Design
After the 6600 started to near production quality, Cray lost interest in it and turned to designing its replacement. Making a machine "somewhat" faster would not be too difficult in the late 1960s; the introduction of integrated circuits allowed for denser packing of components, and in turn a high clock speed. Transistors in general were also getting somewhat faster as the production processes and quality improved. However these sorts of improvements might be expected to make a machine twice as fast, perhaps as much as five times, but not the tenfold increase he demanded. Likewise the 6600 already had a hard time filling its existing ten functional units, so simply adding more parallelism wouldn't help all that much.
In order to solve this problem, Cray turned to the concept of an instruction pipeline. While the 6600 could work on several instructions at once, it had to wait for any one to complete its trip through a functional unit before moving on to the next. For some period of time, the majority of the circuitry in any one unit was not being used. A pipeline improves on this by feeding in the next instruction before the first has completed, thereby having each unit effectively work in "parallel", as well as the machine as a whole. The improvement in performance generally depends on the number of steps the unit takes to complete, for instance, the 6600's multiply unit took 10 cycles to complete an instruction, so by pipelining the units it could be expected to gain about 10 times the speed.
Things are never that simple, however. Pipelining requires that the unit's internals can be effectively separated to the point where each step of the operation is running on completely separate circuitry. This is rarely achievable in the real world. Nevertheless, the use of pipelining on the 7600 improved performance over the 6600 by a factor of about 3.
As always, Cray's design also focussed on packaging to reduce size, shorten signal paths, and thereby increase operating frequency. For the 7600 each circuit module actually consisted of up to six PC boards, each one stuffed with subminiature resistors, diodes, and transistors. The six boards were stacked up and then interconnected along their edges, making for a very compact, but basically unrepairable module.
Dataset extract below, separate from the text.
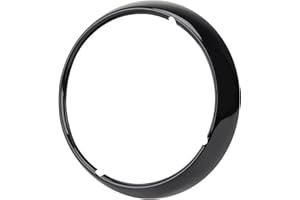 YDLMT 1 Pcs Gloss Black Motorcycle 7" Headlight Lamp Trim Ring Cover For Harley Touring Road King Electra Glide Street Glide Tri Glide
However the same dense packing also led to the machine's biggest problem—heat. For the 7600, Cray once again turned to his refrigeration engineer, Dean Roush, formerly of the Amana company. Roush added an aluminum plate to the back of each side of the cordwood stack, which were in turn cooled by a liquid freon system running through the core of the machine. Since the system was mechanical and therefore prone to failure, the 7600 was redesigned into a large "C" shape to allow access to the modules on either side of the cooling piping by walking into the inside of the C and opening the cabinet.